With the pictures omitted, print exactly the lines below, from the one containing "Stuart Rojstaczer writes" through the one containing "Lektion 6 Übungen", and nothing else.

- Information shown:
* * * * * * * * *

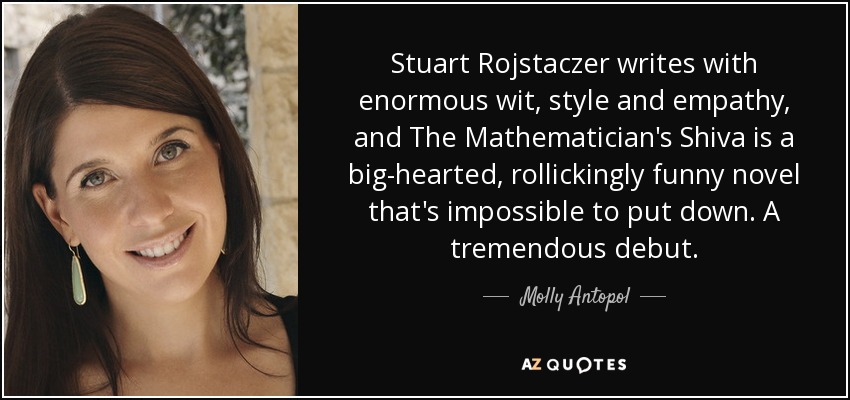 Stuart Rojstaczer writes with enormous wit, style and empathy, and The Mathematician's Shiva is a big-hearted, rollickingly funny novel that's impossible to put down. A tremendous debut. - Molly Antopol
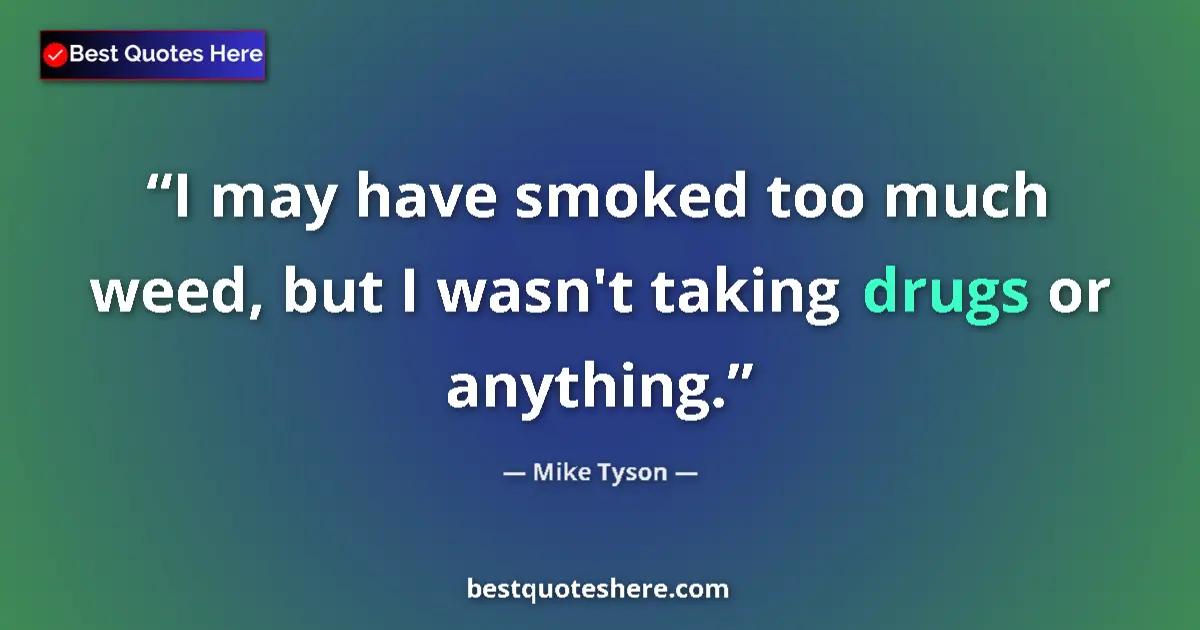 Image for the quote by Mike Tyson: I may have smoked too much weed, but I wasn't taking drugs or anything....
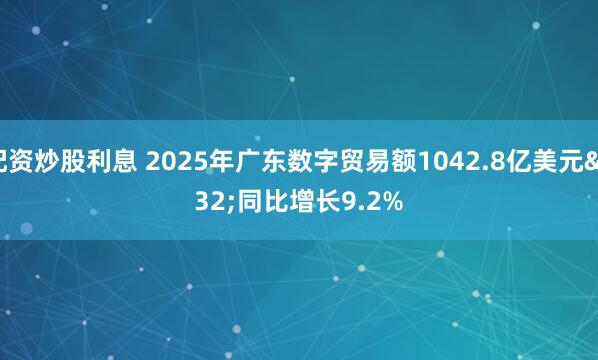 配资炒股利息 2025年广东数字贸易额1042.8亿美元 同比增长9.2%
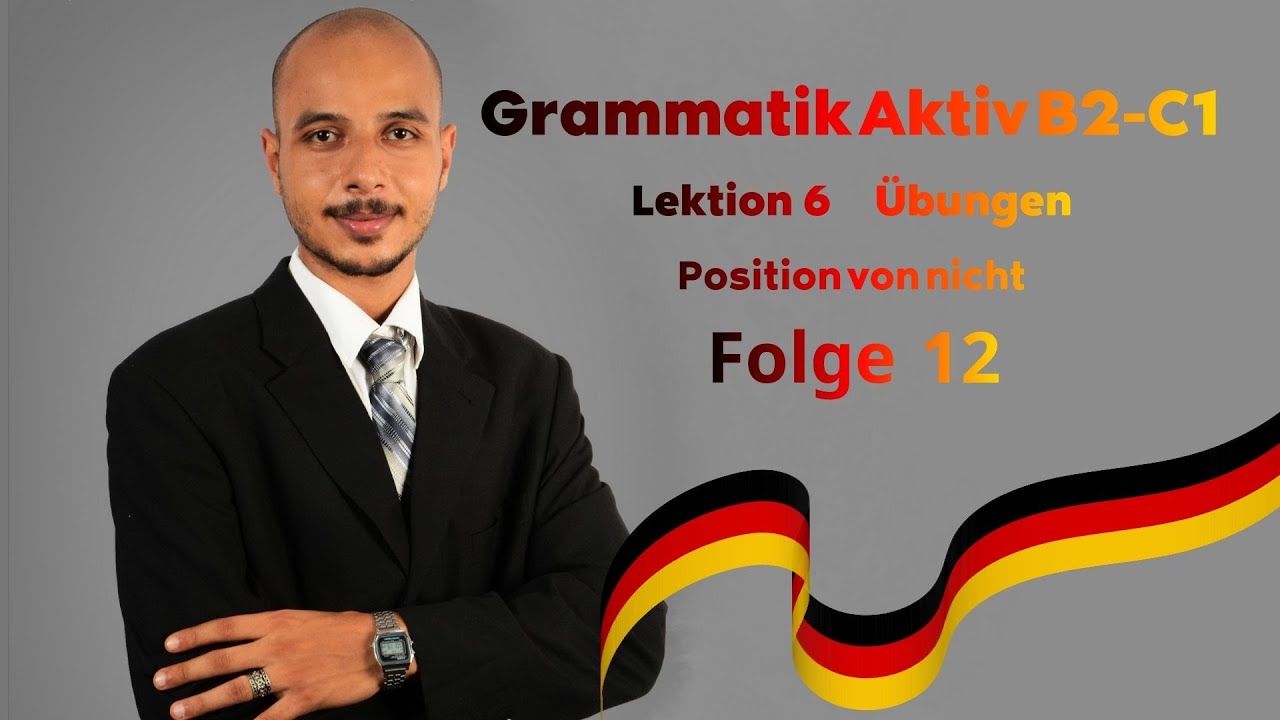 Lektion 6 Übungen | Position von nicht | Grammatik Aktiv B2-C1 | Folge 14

* * * * * * * * *

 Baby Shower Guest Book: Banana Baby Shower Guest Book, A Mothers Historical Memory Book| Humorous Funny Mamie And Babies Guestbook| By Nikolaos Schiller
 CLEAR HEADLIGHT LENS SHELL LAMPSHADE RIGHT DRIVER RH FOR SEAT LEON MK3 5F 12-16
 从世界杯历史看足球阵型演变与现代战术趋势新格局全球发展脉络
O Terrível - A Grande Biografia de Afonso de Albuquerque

* * * * * * * * *

- Reply:
 Stuart Rojstaczer writes with enormous wit, style and empathy, and The Mathematician's Shiva is a big-hearted, rollickingly funny novel that's impossible to put down. A tremendous debut. - Molly Antopol
 Image for the quote by Mike Tyson: I may have smoked too much weed, but I wasn't taking drugs or anything....
 配资炒股利息 2025年广东数字贸易额1042.8亿美元 同比增长9.2%
 Lektion 6 Übungen | Position von nicht | Grammatik Aktiv B2-C1 | Folge 14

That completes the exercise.